Text und Audios von Br. David Steindl-Rast OSB
Genau der jetzige Augenblick kann der Beginn eines neuen Lebens sein. (1. Februar)[1]
Wenn du morgens den Bus nimmst oder dich ins Auto setzt, während es noch dunkel ist, dann beginn gar nicht erst damit, dir Sorgen über den kommenden Tag zu machen. Achte nur auf den Augenblick, wenn das Licht aus der Dunkelheit steigt: «Mir wird ein neuer Tag gegeben. (…) Welche Haltung sollte ich diesem Tag entgegenbringen? Wofür ist es Zeit?
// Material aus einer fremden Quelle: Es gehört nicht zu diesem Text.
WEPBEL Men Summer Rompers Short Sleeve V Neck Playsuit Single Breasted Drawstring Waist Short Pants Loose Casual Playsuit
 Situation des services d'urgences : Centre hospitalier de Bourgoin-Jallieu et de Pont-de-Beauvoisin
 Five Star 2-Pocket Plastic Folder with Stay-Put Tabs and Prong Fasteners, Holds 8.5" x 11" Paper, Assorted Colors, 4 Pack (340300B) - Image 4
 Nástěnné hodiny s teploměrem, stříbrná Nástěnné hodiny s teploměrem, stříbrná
Zeit, sich zu erheben und zu leuchten.» (2. Februar)[2]
Die liebevolle Antwort auf die Aufforderung eines jeden Augenblicks befreit uns aus der Tretmühle der Uhrzeit und öffnet eine Tür ins Jetzt. (6. Februar)[3]
Wir leben im Jetzt, indem wir uns auf den Ruf eines jeden Augenblicks einstimmen, indem wir hören, was jede Stunde und jede Situation von uns verlangt, und indem wir darauf antworten. (9. Februar)[4]
Unser wahres Glück, unser unverlierbares Glück besteht darin, im gegebenen Augenblick völlig da zu sein. «Zum Augenblicke möcht ich sagen, verweile doch, du bist so schön», so hat Goethe das im Faust formuliert, weil eben wahres Glück nur da ist, wenn wir im Augenblick sind. (13. Februar)[5]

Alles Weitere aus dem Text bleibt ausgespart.